» **Assignment**: Note every line in the entries that contains the string "Head", and copy it.

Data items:
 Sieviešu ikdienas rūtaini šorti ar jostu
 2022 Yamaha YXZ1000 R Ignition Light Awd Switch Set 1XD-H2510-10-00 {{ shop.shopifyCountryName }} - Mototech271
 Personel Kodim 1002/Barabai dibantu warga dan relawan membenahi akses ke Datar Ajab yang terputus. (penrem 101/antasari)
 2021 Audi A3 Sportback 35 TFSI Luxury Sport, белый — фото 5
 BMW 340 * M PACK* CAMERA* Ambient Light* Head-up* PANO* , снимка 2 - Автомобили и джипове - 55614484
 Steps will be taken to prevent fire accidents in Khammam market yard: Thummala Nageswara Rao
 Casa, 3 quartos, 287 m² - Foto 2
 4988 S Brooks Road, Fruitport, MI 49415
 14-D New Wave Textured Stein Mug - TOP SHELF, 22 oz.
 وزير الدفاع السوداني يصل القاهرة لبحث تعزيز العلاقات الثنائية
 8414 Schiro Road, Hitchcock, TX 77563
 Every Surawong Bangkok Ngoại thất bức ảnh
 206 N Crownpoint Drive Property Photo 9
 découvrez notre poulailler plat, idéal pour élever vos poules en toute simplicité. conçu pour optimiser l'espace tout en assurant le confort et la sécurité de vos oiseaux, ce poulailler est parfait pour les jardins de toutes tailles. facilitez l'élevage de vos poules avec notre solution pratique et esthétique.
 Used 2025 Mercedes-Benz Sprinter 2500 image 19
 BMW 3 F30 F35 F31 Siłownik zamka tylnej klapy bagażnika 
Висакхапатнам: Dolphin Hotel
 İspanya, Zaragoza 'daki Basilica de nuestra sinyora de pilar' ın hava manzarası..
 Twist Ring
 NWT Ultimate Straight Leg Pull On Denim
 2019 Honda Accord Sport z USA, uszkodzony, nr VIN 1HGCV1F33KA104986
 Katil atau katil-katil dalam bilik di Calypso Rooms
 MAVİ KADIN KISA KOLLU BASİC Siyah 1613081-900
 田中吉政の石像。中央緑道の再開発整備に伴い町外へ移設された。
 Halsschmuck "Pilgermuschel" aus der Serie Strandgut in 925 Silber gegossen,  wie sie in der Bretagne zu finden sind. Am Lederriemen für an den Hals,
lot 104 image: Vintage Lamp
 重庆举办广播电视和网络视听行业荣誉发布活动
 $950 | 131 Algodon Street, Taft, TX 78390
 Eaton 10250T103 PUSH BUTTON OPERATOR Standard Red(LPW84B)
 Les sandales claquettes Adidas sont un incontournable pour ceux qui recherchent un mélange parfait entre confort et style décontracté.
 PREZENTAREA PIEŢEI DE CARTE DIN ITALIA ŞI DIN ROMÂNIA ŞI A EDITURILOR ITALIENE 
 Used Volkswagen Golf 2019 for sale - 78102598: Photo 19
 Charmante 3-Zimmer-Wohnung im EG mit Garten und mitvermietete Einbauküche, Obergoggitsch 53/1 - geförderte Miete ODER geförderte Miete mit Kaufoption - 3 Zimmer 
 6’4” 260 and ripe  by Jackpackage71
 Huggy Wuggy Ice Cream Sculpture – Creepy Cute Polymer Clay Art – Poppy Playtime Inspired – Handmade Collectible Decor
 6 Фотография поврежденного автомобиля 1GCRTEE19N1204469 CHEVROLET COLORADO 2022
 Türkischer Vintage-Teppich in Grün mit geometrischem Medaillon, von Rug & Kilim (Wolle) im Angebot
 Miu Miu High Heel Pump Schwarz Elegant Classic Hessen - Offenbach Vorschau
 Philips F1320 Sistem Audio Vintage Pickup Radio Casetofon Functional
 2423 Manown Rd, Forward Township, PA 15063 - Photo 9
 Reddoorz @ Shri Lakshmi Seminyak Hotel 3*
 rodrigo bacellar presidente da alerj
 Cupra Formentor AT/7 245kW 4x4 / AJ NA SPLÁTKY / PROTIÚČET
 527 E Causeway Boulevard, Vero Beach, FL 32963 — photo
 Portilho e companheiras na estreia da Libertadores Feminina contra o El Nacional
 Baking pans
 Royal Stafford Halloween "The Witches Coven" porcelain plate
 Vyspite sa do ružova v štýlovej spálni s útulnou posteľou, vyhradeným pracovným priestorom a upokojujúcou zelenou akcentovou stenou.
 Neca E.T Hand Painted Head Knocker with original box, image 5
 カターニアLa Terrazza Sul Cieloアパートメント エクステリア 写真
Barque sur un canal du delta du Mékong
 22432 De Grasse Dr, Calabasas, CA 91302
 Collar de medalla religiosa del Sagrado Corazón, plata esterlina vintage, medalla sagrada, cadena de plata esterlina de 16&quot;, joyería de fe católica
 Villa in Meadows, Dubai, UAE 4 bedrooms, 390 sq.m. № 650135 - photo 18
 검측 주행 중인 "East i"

» **Task solution**:
 BMW 340 * M PACK* CAMERA* Ambient Light* Head-up* PANO* , снимка 2 - Автомобили и джипове - 55614484
 Neca E.T Hand Painted Head Knocker with original box, image 5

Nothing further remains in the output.